> [DATA SEGMENT]:
***

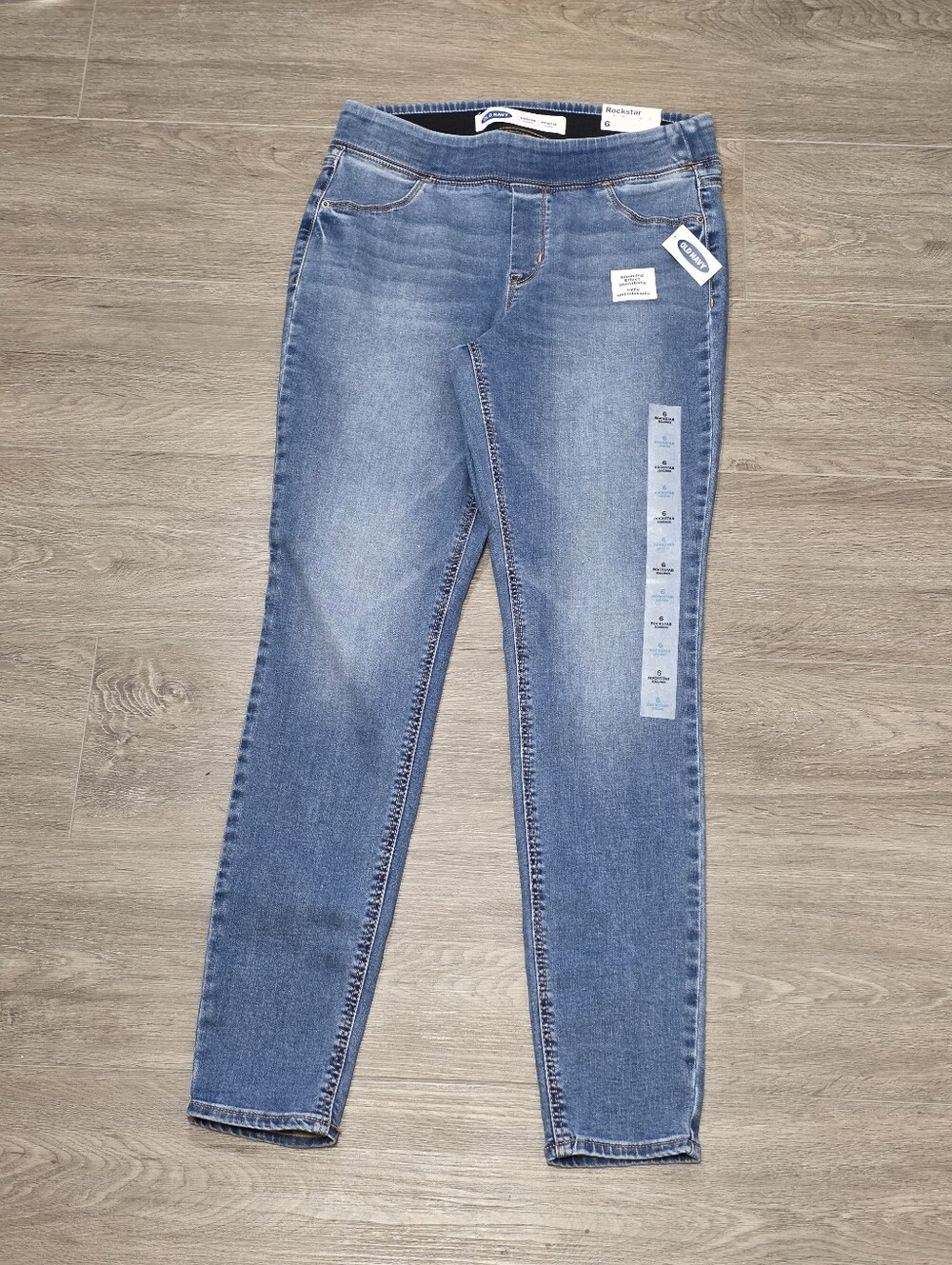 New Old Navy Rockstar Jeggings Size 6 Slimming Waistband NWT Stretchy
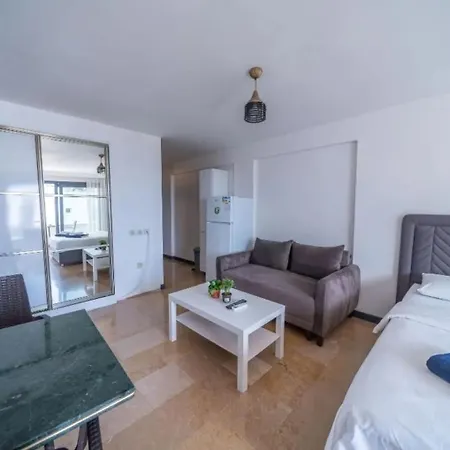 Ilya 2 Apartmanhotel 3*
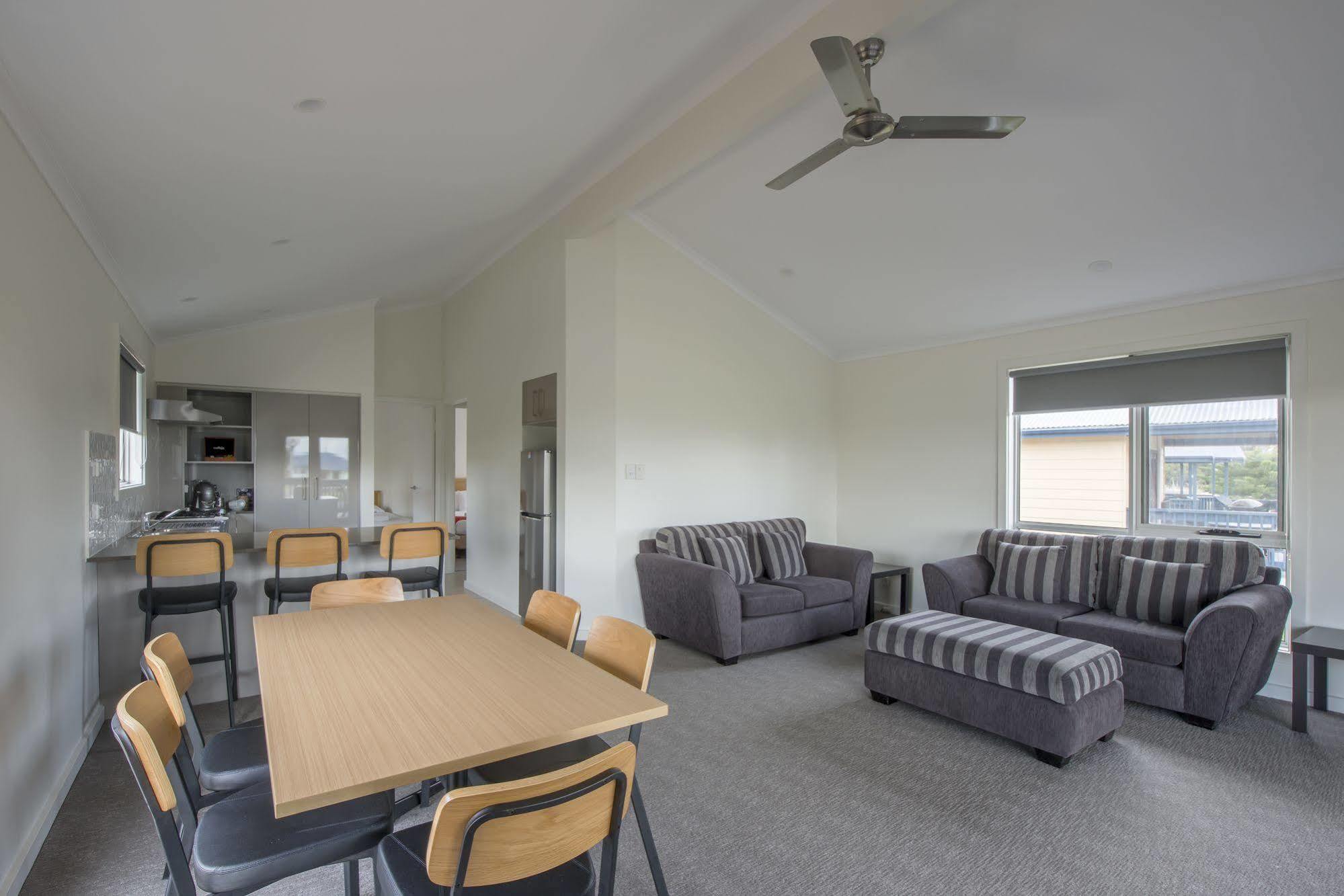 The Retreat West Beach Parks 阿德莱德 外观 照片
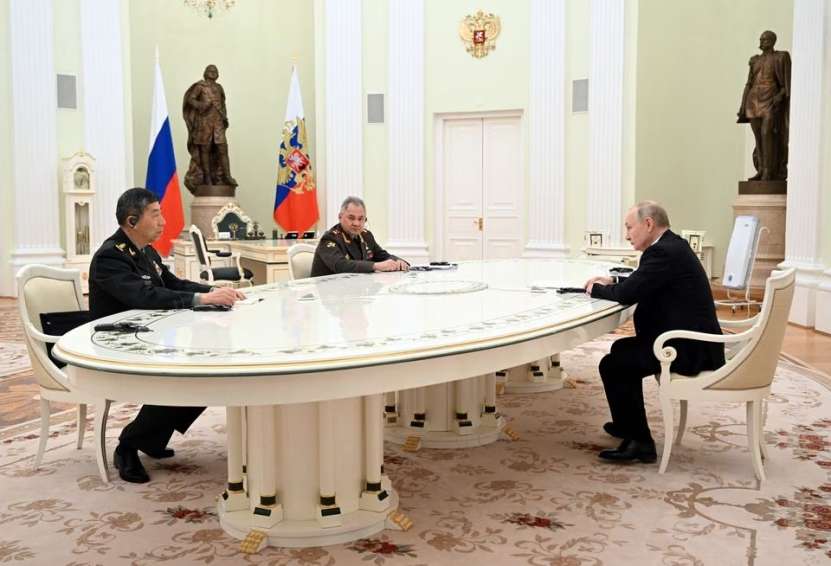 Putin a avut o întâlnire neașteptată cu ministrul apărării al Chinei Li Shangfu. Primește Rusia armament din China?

***

> [GOAL OF THE EXERCISE]: Each line from the one containing "The Retreat West Beach Parks 阿德莱德 外观 照片" through the final line of the data must be reproduced exactly, both ends included, with no pictures in the copy.

> [OUTPUT OF THE EXERCISE]:
 The Retreat West Beach Parks 阿德莱德 外观 照片
 Putin a avut o întâlnire neașteptată cu ministrul apărării al Chinei Li Shangfu. Primește Rusia armament din China?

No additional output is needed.